Ha terminado la larga temporada del brillo navideño, con su fatigoso énfasis en los tópicos de todos los años. En televisión se ha notado de manera bien visible la mala racha económica de todos los canales en los programas en otro tiempo estelares: lo que más se ha visto es una ristra de actuaciones de años anteriores (no hay que descartar que saliera hasta algún fallecido) y refritos con fragmentos de otros programas de la misma cadena. Canal Sur lo hizo con los niños de Menuda noche, que están alcanzando ya un nivel en la capacidad de empachar con sólo verlos comparable al grado de profesionalización que demuestran ante las cámaras. Producen rechazo porque todo en ellos suena ya a falso, no hay nada parecido a la espontaneidad y encuentro francamente desagradable ese derrotero de pequeñas estrellas. ¿Recuerdan aquella secuencia de Magnolia, la película de P. T. Anderson, en la que un niño que participa en un concurso de televisión se hace pipí encima porque no le dejan abandonar el plató para ir al baño y por eso pierde el concurso y se gana la bronca de su padre?

No ha faltado esa exaltación del lujo brillante que desprende la decoración navideña. Lo llamativo es que ese brillo nos deje tan fríos, algo que recuerda una extraordinaria imagen del poeta J. Milton en su Paraíso perdido: brasas que llamean sin luz y sólo dejan ver oscuridad. Alguien ha recordado en estos días que un canal norteamericano de televisión emitió durante las 24 horas seguidas del día de la Navidad la imagen de una hoguera para que la gente pusiera el televisor en el hueco (o en el sitio) de la chimenea. Esa suplantación es muy indicativa del brillo navideño, que en buena medida resume la pauta de la televisión de todos los días.

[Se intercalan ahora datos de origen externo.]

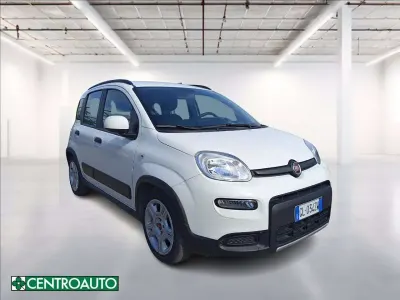 Usata Fiat Panda City Life 70 CV (51 kW) 2022 Bianco pastello Utilitaria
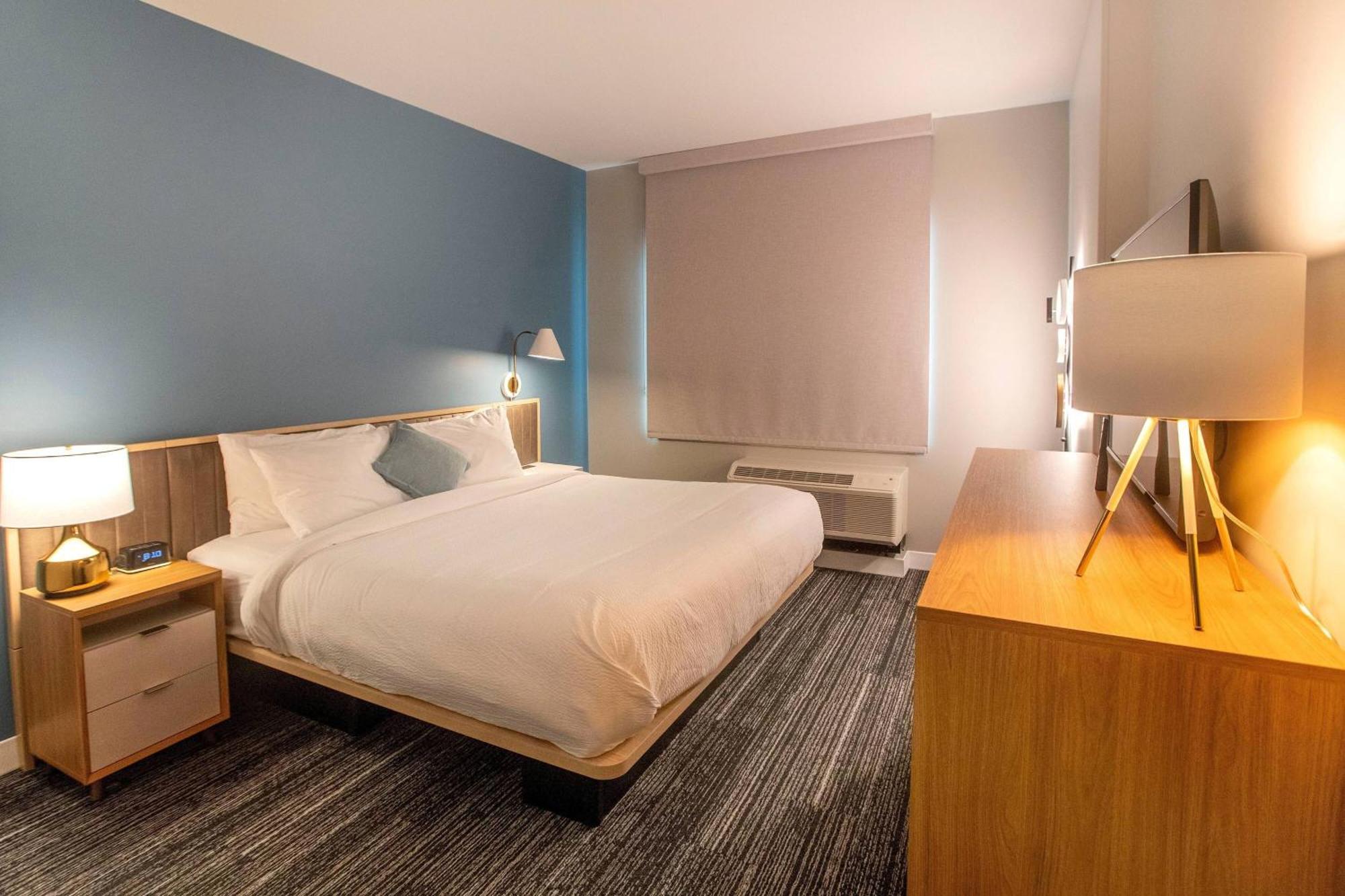 Towneplace Suites By Marriott Conroe Buitenkant foto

Y puede que haya sido así desde siempre. Recuerdo bien el día que se encendió por primera vez en mi casa un aparato de televisión (el más grande, porque se trataba de una familia numerosa).

La luz de la habitación estaba apagada y al entrar en ella, antes de fijarme en el impresionante aparato que había en un rincón, pude ver los rostros de mis padres y mis hermanos iluminados por la parpadeante luz azulada que desprendía la pantalla. Eran irreconocibles, parecían espectros de sí mismos, con los ojos muy abiertos y las pupilas dilatadas, la misma familia bajo una luz que no ilumina, ante un fuego que no calienta.

Por eso dudo de que sea realmente la infancia lo que están viviendo los niños de la tele que son el gancho principal de un programa de noche. Como tampoco me creo la ristra de tópicos que Andalucía es su nombre destiló en una entrega más de este ritual de autocelebración de lo nuestro dedicado al humor andaluz. Aunque algunos de esos tópicos sean hasta humillantes, para nosotros son lo auténtico. Y nos gastamos una fortuna en incienso para celebrarlo. Acabaremos asfixiados.